# Task details
Please return all lines in the listing holding the word "image".

# Task input

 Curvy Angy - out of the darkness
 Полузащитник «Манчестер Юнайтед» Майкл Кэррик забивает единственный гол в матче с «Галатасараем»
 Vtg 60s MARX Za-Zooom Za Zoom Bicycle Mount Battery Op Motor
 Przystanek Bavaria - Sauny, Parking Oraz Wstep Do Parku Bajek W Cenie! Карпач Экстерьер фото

* * *

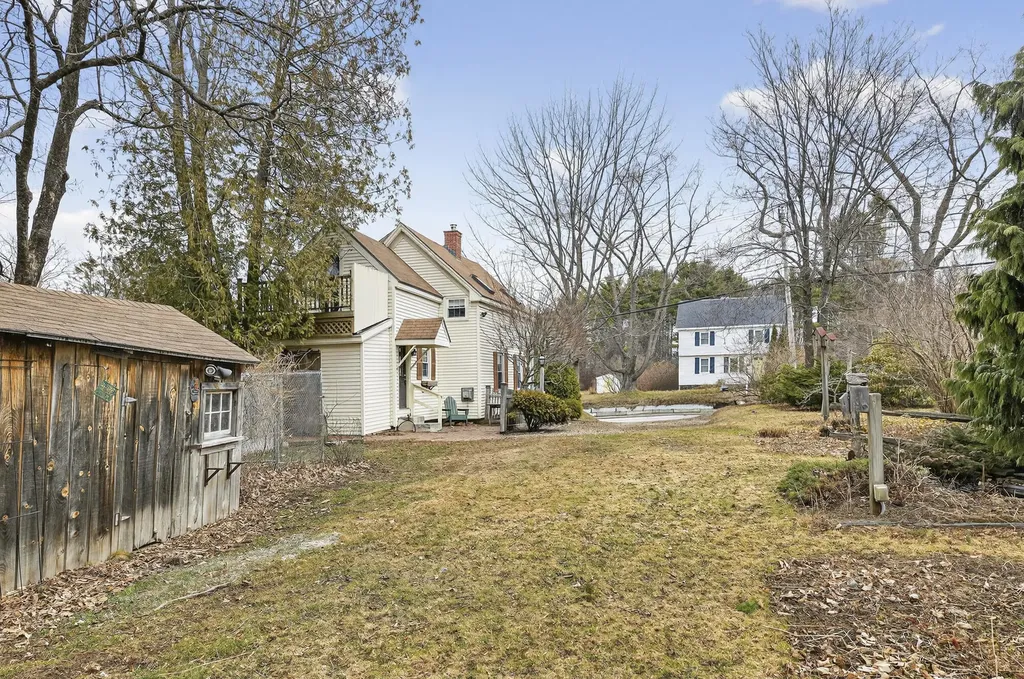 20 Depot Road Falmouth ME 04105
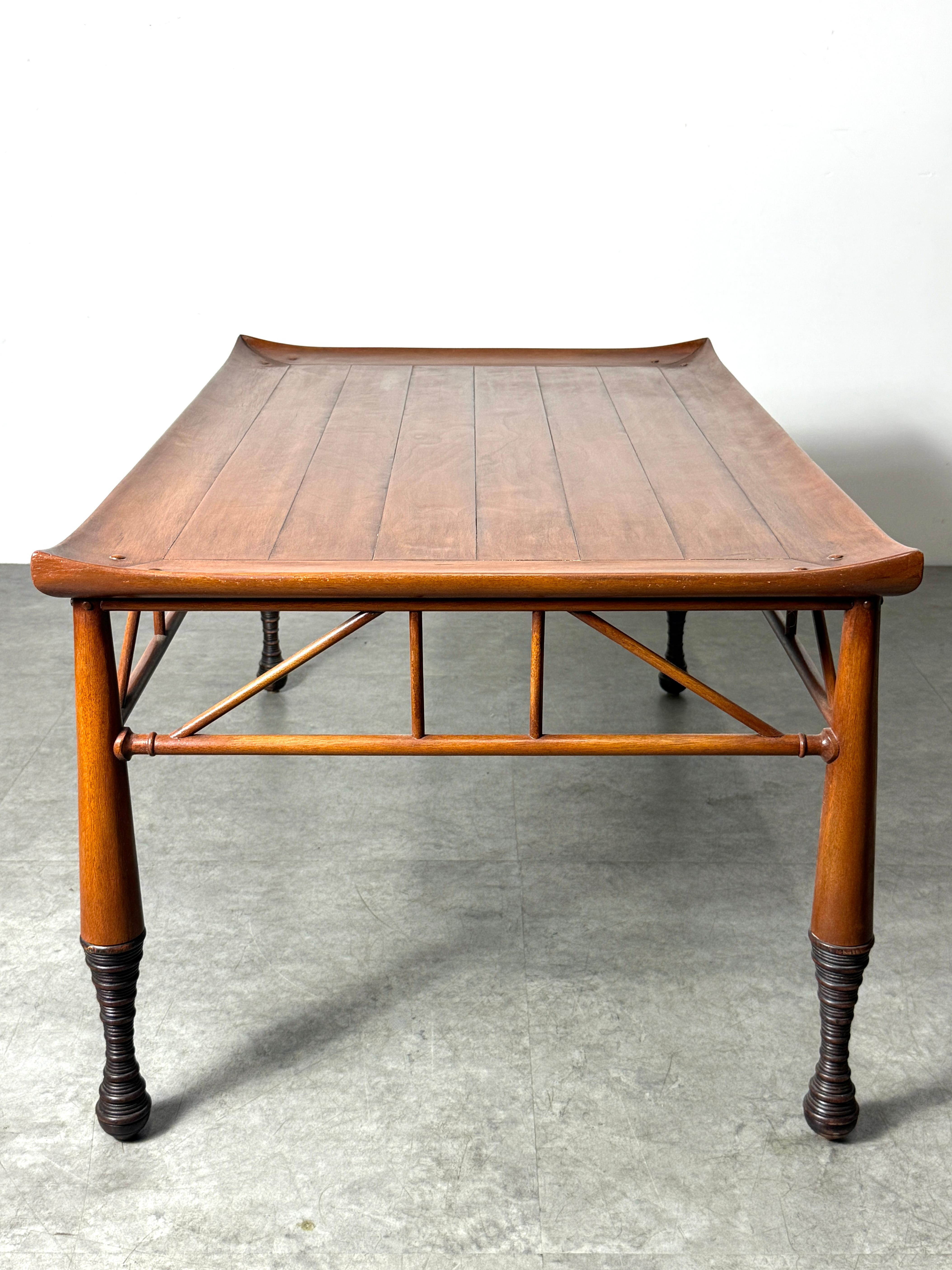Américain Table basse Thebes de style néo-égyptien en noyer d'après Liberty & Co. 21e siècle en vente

--

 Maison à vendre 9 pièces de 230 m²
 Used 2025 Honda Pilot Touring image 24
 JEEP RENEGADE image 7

# Written answer
 Used 2025 Honda Pilot Touring image 24
 JEEP RENEGADE image 7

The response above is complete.